Non. Prononcer ces mots à voix haute les rendrait plus réels encore. Oui. Si seulement quelqu'un pouvait comprendre, vraiment ce que je vivais. Non. Je ne voulais pas de sa pitié. Oui. J'avais besoin qu'on me soutienne. Oui. Je voulais qu'elle approuve mon choix. Oui. Je voulais qu'elle ne soit pas triste quand je le ferai, qu'elle se dise que j'étais mieux là où j'étais.

Mais rester à trouver comment exprimer avec des mots, avec ce langage français si petit pour dire ce genre de chose...

-Je ne... je ne peux pas vivre sans eux. Je sais que je ne suis pas parfaite, mais... Eux le sont. L'étaient. Je... Je ne sais pas si tu peux comprendre parce que le dire avec des mots, c'est difficile, mais je... J'ai l'impression d'être seule. Constamment. Et j'entends toujours, toujours, cette voix dans ma tête, qui, quoi que je fasse, me rappelle qu'ils ne sont plus là. Et j'ai toujours en moi... ce vide, qui ne se comblera plus jamais, qui restera béant... Je ne peux pas vivre sans eux. C'était ma famille.

Elle me regarda, puis, prudemment, répondis :

-Je comprends. Mais... tu ne te dis pas qu'eux préféreraient que tu sois heureuse et en vie ? Et que tu te trouves une nouvelle famille ?

Non, non, il ne fallait qu'elle me dise ça. Parce que la vérité, c'était que, si, évidemment, elle avait raison. Mais je préférais me dire qu'ils approuvaient mes choix. Je préférais rester dans le déni.

Je lui adressai un sourire triste :

-Je n'ai plus de vie sociale depuis quatre mois.
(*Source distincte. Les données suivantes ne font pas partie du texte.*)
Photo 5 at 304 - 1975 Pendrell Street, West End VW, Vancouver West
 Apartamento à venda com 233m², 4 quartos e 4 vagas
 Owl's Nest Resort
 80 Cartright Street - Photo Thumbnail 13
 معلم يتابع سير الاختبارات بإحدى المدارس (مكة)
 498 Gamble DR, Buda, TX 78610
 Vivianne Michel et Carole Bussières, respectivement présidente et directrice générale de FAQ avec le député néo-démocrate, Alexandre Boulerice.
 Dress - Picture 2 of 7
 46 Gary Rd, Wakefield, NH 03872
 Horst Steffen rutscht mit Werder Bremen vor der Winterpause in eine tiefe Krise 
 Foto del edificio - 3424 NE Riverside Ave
Comment veux-tu que je me trouve une nouvelle famille.

-Tu... tu nous a nous deux, non ? Alex et moi. Après tout, il nous manque à nous aussi un membre de notre famille.

Je relevai les yeux vers elle. J'étais surprise. Vraiment surprise. Et émue.

J'en avais les larmes aux yeux.

-Il vaut mieux ne pas m'avoir dans sa famille, regarde où ça les a mené...

-Mais ce n'est pas ta faute...

Je haussai les épaules.

-Peut-être que si ? Peut-être que je suis maudite ?

Elle hésita, puis se pencha et vint poser sa main sur mon genou.

-Et ben moi, ça ne me fait pas peur.